◆ **Required action**:
The records below hold pictures; please leave those out and retype the rest exactly.

··· Record set

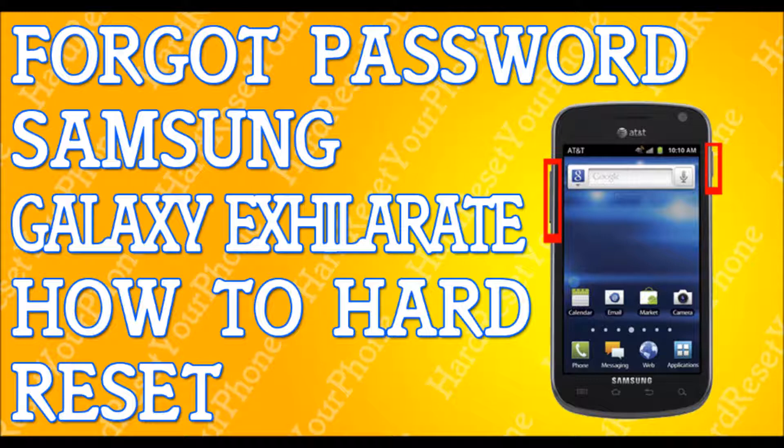Everything is going to get erased, so back up your files first. Once you've backed up your files, turn off your phone — power it down completely. If I'm moving too fast, please pause the video and press play when you're ready.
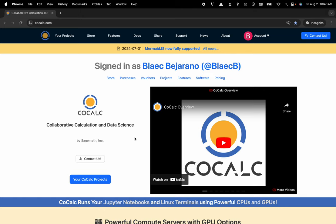Hi everyone, my name is Blake Bejarano and today I'm going to show you how to split the screen of a document inside of the CoCalc platform.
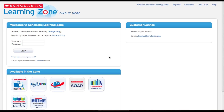Hello, and welcome to the video tutorial for the Scholastic Literacy Pro Library User Guide. In this tutorial, you will learn how to use Literacy Pro Library as a student. Let's get started.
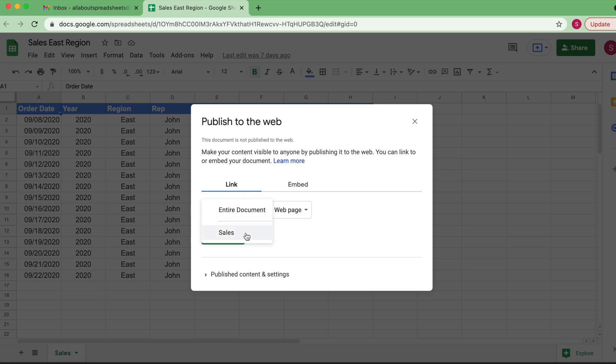the tab, the sheet where you're working on. So let's do only the sheet. We do it in the format of a web page.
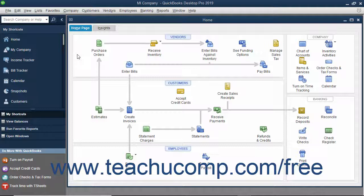After you have configured QuickBooks to allow multi-user access, you can then switch between single user and multi-user modes. When in multi-user mode, you must enter your username and password to open and access the company file on the shared computer.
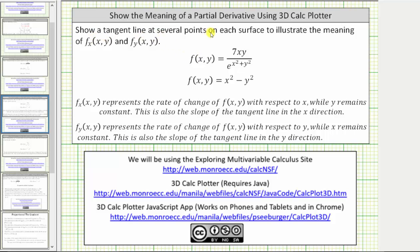We're asked to show a tangent line at several points on each surface to illustrate the meaning of the partial of f with respect to x and the partial of f with respect to y. For a quick review, the partial of f with respect to x represents the rate of change of f(x, y) with respect to x while y remains constant. This is also the slope of the tangent line in the x direction.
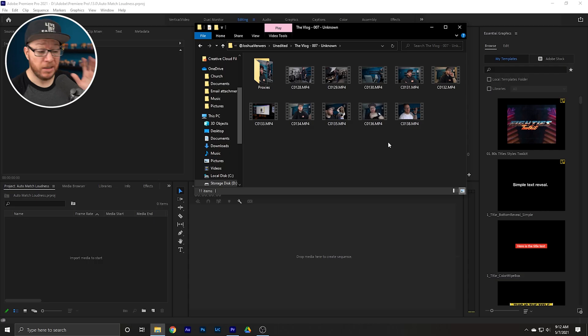I'm sure if Adobe saw this they wouldn't be too pleased, because they don't want you to be able to adjust that. However, Adobe, if you ever watch this video, please give us an adjustment on that match loudness volume so we don't have to hack it like this video is going to show you. Let's go ahead and jump into Adobe Premiere Pro — I'm going to show you here on my Windows PC and then we'll jump over to the Mac and show you how to do this on both of them.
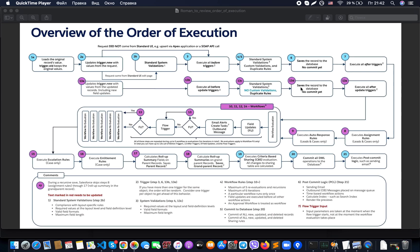After that there is a regular save of the records to the database — again, no commit yet — and all after update triggers run, bringing us back into this recursive stage. Once all of this recursive save is completed, we go to the execution of escalation rules. Process Builder should also appear somewhere around here, though it is not shown on this image.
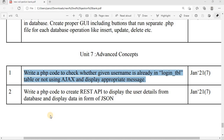Hello everyone. Today in this video lecture I will discuss a previously asked GTU question. This question was asked in January 2021 for seven marks: write a PHP code to check whether a given username is already in the login table or not using AJAX, and display an appropriate message.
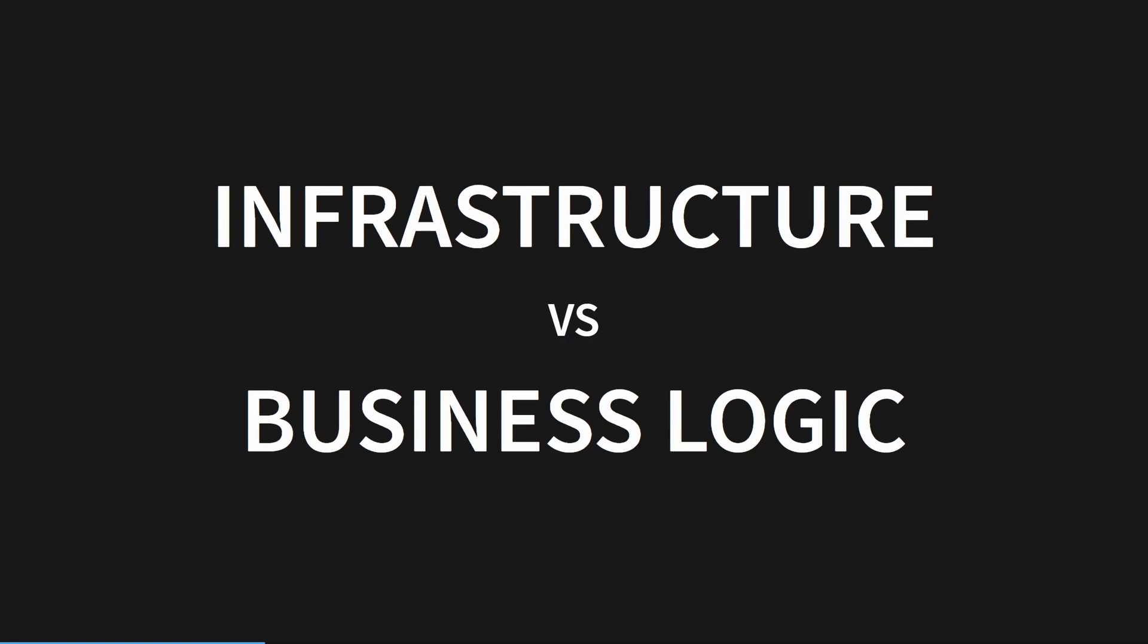Let's talk about a model of thinking about code: infrastructure versus business logic. Tin argues that there are two types of Python code - infrastructure code and business logic code.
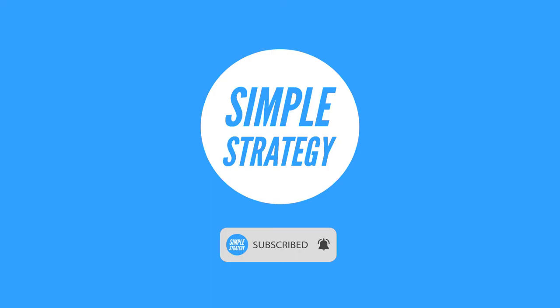And please do consider subscribing. It's really going to help out a new channel like mine. I'm planning on doing a lot more videos like this, looking at the strategies of businesses in the future. If there's anything else that you think might be interesting for me to cover in the future, then please leave it in the comments down below. Thank you.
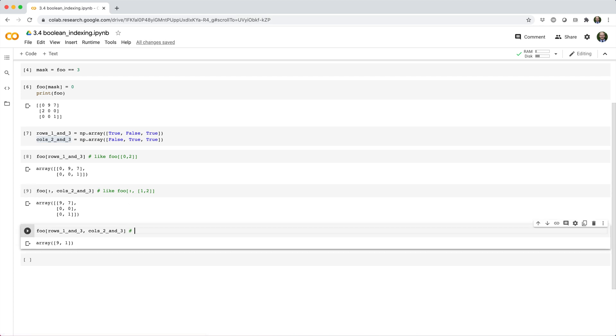And when we combine these indexes, it's just as if we had used a combination of integer indexes, which, if you remember, selects elements based on corresponding indices. In this case, it's the pair of elements 0 1 and 2 2.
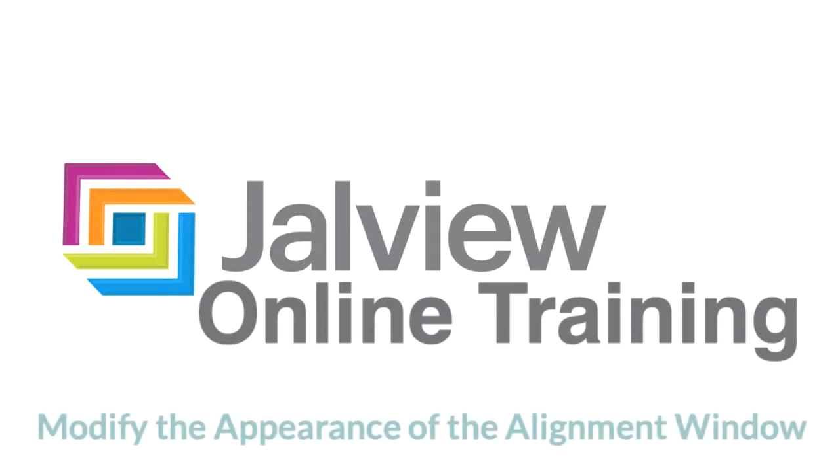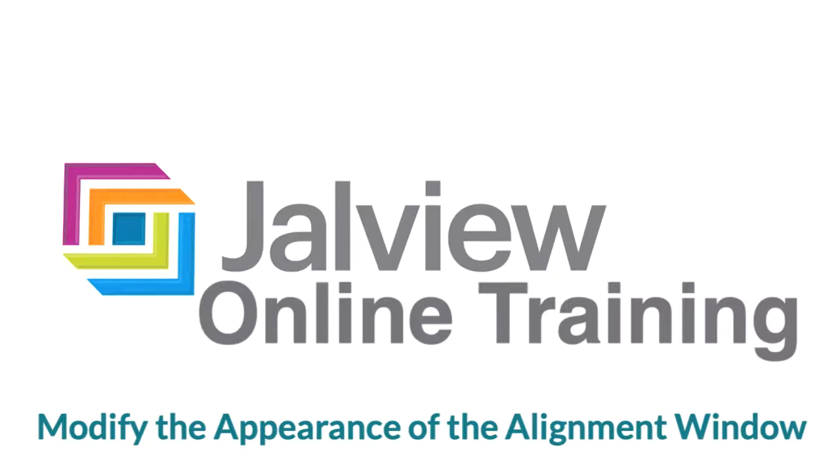In this Jalview online training video I will be demonstrating different ways to modify the appearance of the Jalview alignment window.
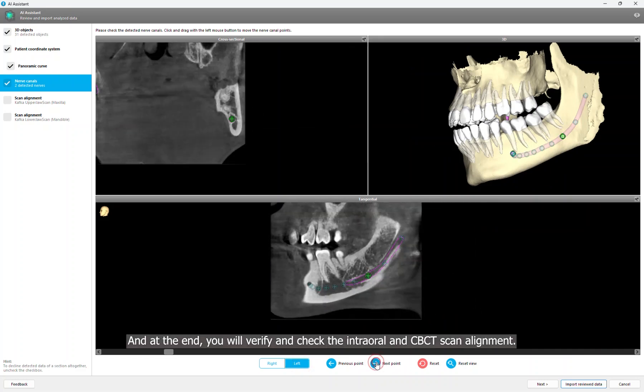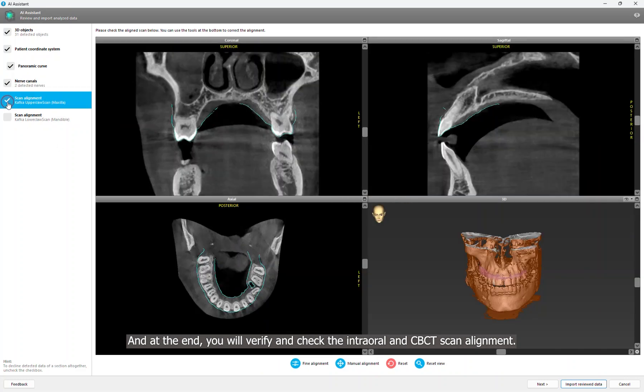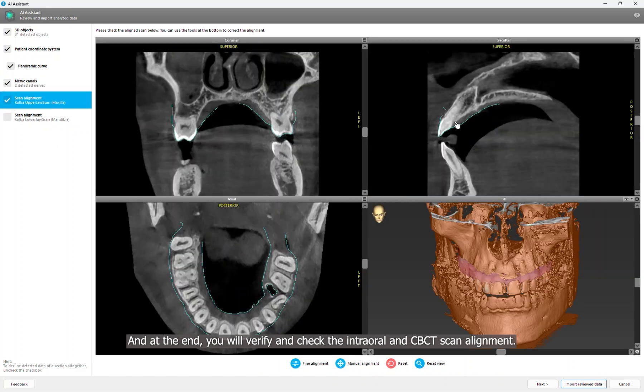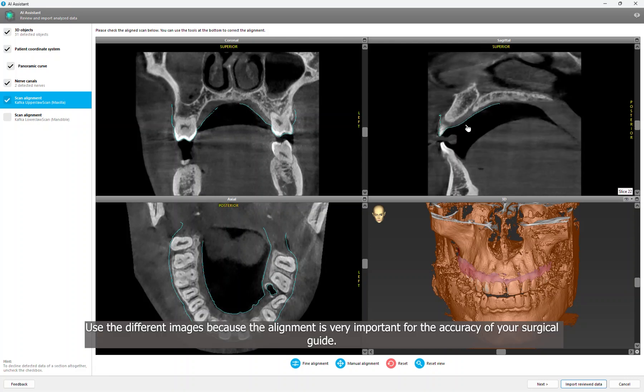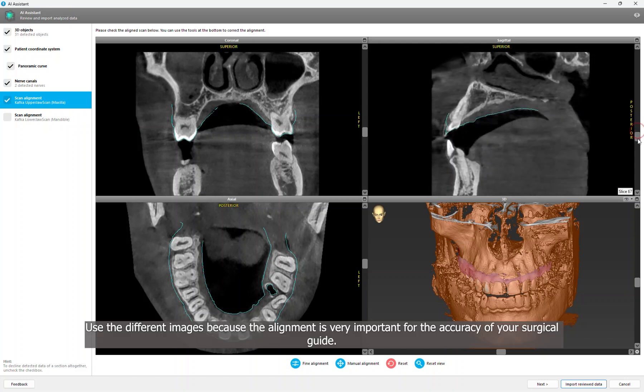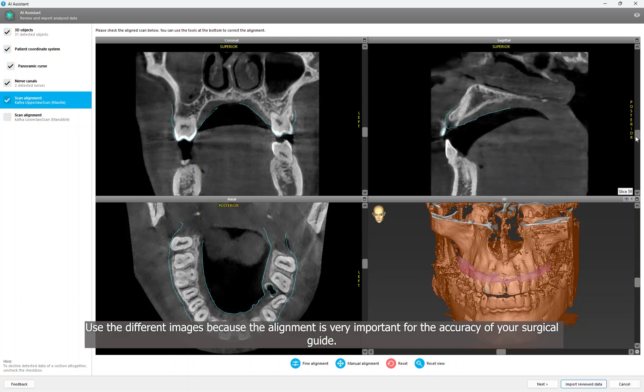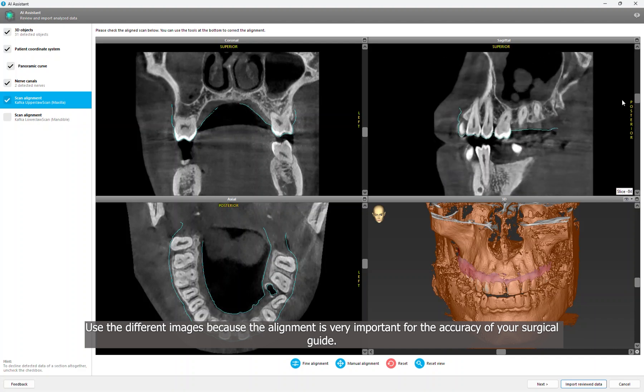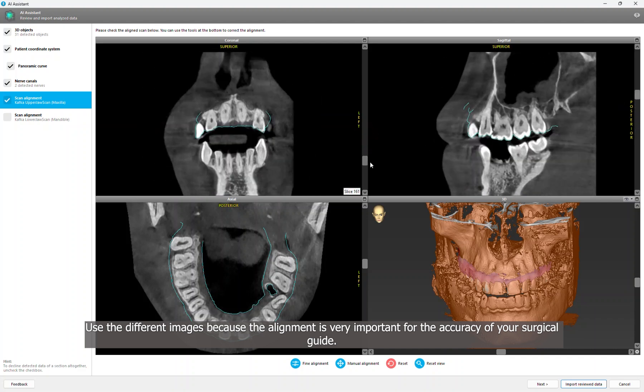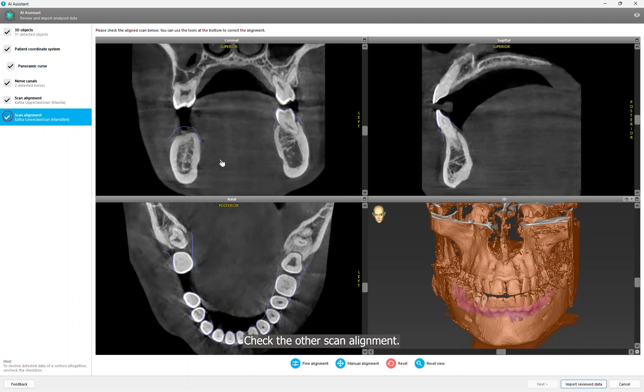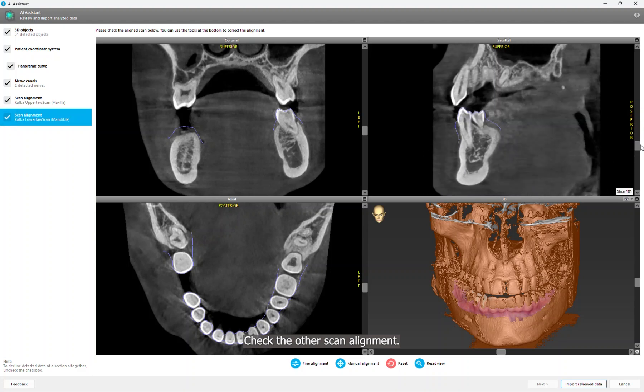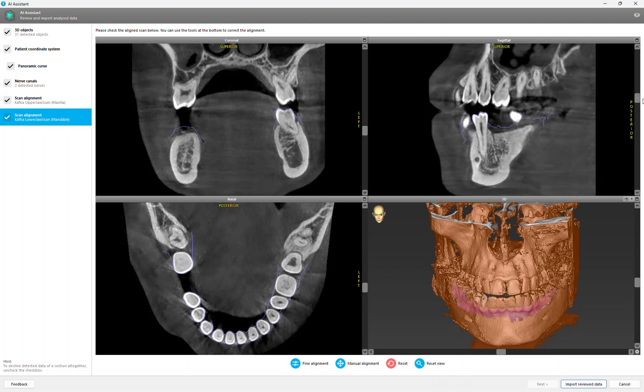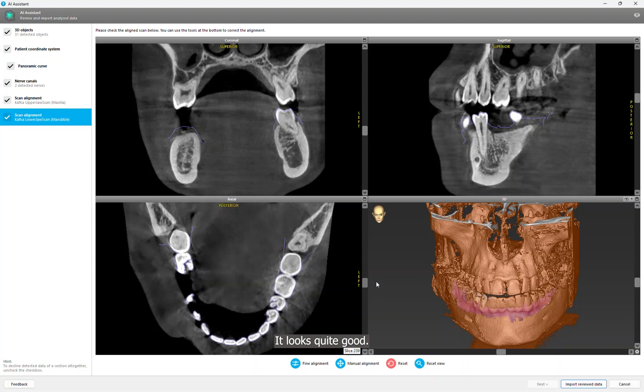And at the end, you will verify and check the intraoral and CBCT scan alignment. The different images, because the alignment is very important for the accuracy of your surgical guide. Check the other scan alignment. It looks quite good.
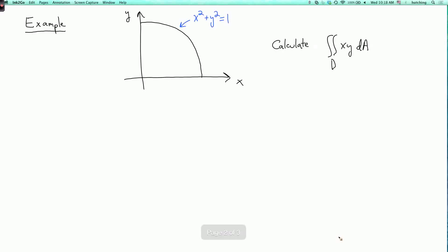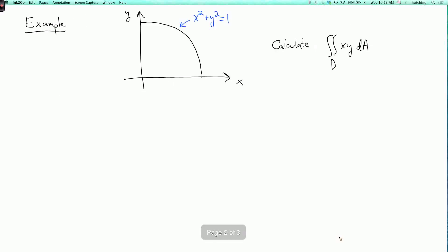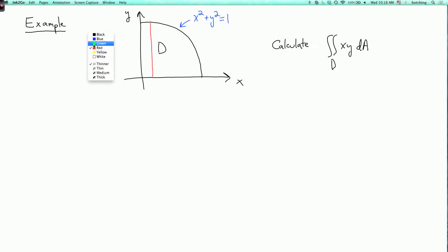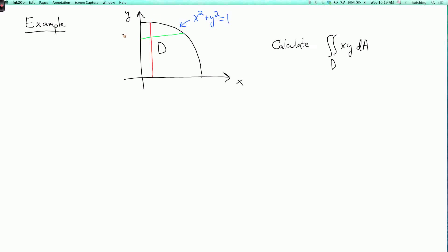Our next example is to calculate the double integral of xy dA over the region d, which is a quarter of the unit disk. This region is both type 1 and type 2: fixing a value of x gives a single interval of y values, and fixing a value of y gives a single interval of x values. There's a perfect symmetry between x and y here, so the calculation looks the same no matter which way we do it. We'll use the type 1 approach.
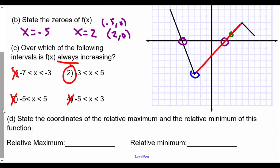Looking at the graph for the relative maximum and minimum: the relative maximum point — like the peak of a hill — is at the coordinate (5, -3). The relative minimum point — the lowest local point — is at the coordinate (-3, 5). So our relative maximum is at (5, -3) and our relative minimum is at (-3, 5).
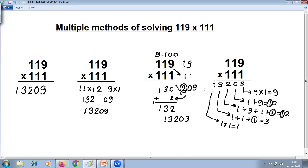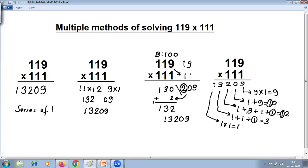So we have solved the same problem, 119 into 111, using four different Vedic methods. The first method is multiplication by series of 1. The other methods are the multiplication special case, the base method of multiplication above the base, and multiplication vertically and crosswise. Please subscribe to our channel if not subscribed. Thank you.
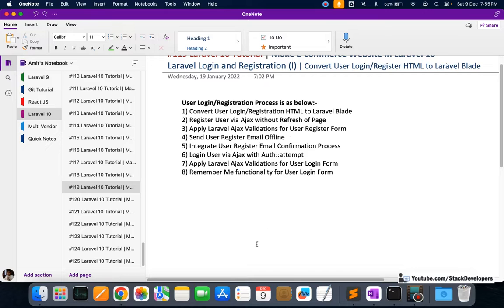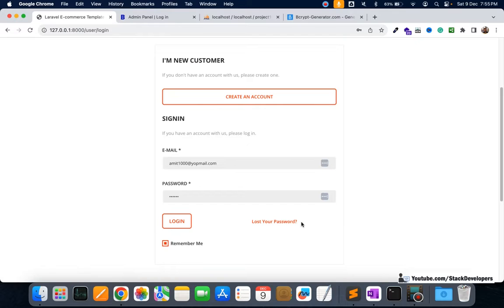From the next video we will work on the forgot password feature. We will not do a simple version — we will implement the complete forgot password process with email confirmation, just like Amazon and other major websites use. Once the user clicks 'forgot password', they enter their email, receive a confirmation email, click the link, and then generate a new password. We will try to finish it in one or two videos — please stay tuned.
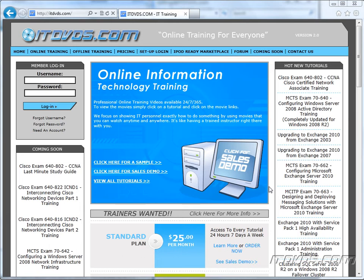Welcome to the ITDVDs.com YouTube channel. This is just a sample of the training available at ITDVDs.com. If you would like to see complete training, please go to ITDVDs.com. Now let's begin the sample.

······

◆ **Task solution**:
Everything is going to get erased, so back up your files first. Once you've backed up your files, turn off your phone — power it down completely. If I'm moving too fast, please pause the video and press play when you're ready.
Hi everyone, my name is Blake Bejarano and today I'm going to show you how to split the screen of a document inside of the CoCalc platform.
Hello, and welcome to the video tutorial for the Scholastic Literacy Pro Library User Guide. In this tutorial, you will learn how to use Literacy Pro Library as a student. Let's get started.
the tab, the sheet where you're working on. So let's do only the sheet. We do it in the format of a web page.
After you have configured QuickBooks to allow multi-user access, you can then switch between single user and multi-user modes. When in multi-user mode, you must enter your username and password to open and access the company file on the shared computer.
We're asked to show a tangent line at several points on each surface to illustrate the meaning of the partial of f with respect to x and the partial of f with respect to y. For a quick review, the partial of f with respect to x represents the rate of change of f(x, y) with respect to x while y remains constant. This is also the slope of the tangent line in the x direction.
I'm sure if Adobe saw this they wouldn't be too pleased, because they don't want you to be able to adjust that. However, Adobe, if you ever watch this video, please give us an adjustment on that match loudness volume so we don't have to hack it like this video is going to show you. Let's go ahead and jump into Adobe Premiere Pro — I'm going to show you here on my Windows PC and then we'll jump over to the Mac and show you how to do this on both of them.
After that there is a regular save of the records to the database — again, no commit yet — and all after update triggers run, bringing us back into this recursive stage. Once all of this recursive save is completed, we go to the execution of escalation rules. Process Builder should also appear somewhere around here, though it is not shown on this image.
Hello everyone. Today in this video lecture I will discuss a previously asked GTU question. This question was asked in January 2021 for seven marks: write a PHP code to check whether a given username is already in the login table or not using AJAX, and display an appropriate message.
Let's talk about a model of thinking about code: infrastructure versus business logic. Tin argues that there are two types of Python code - infrastructure code and business logic code.
And please do consider subscribing. It's really going to help out a new channel like mine. I'm planning on doing a lot more videos like this, looking at the strategies of businesses in the future. If there's anything else that you think might be interesting for me to cover in the future, then please leave it in the comments down below. Thank you.
And when we combine these indexes, it's just as if we had used a combination of integer indexes, which, if you remember, selects elements based on corresponding indices. In this case, it's the pair of elements 0 1 and 2 2.
In this Jalview online training video I will be demonstrating different ways to modify the appearance of the Jalview alignment window.
And at the end, you will verify and check the intraoral and CBCT scan alignment. The different images, because the alignment is very important for the accuracy of your surgical guide. Check the other scan alignment. It looks quite good.
Our next example is to calculate the double integral of xy dA over the region d, which is a quarter of the unit disk. This region is both type 1 and type 2: fixing a value of x gives a single interval of y values, and fixing a value of y gives a single interval of x values. There's a perfect symmetry between x and y here, so the calculation looks the same no matter which way we do it. We'll use the type 1 approach.
Looking at the graph for the relative maximum and minimum: the relative maximum point — like the peak of a hill — is at the coordinate (5, -3). The relative minimum point — the lowest local point — is at the coordinate (-3, 5). So our relative maximum is at (5, -3) and our relative minimum is at (-3, 5).
So we have solved the same problem, 119 into 111, using four different Vedic methods. The first method is multiplication by series of 1. The other methods are the multiplication special case, the base method of multiplication above the base, and multiplication vertically and crosswise. Please subscribe to our channel if not subscribed. Thank you.
From the next video we will work on the forgot password feature. We will not do a simple version — we will implement the complete forgot password process with email confirmation, just like Amazon and other major websites use. Once the user clicks 'forgot password', they enter their email, receive a confirmation email, click the link, and then generate a new password. We will try to finish it in one or two videos — please stay tuned.
Welcome to the ITDVDs.com YouTube channel. This is just a sample of the training available at ITDVDs.com. If you would like to see complete training, please go to ITDVDs.com. Now let's begin the sample.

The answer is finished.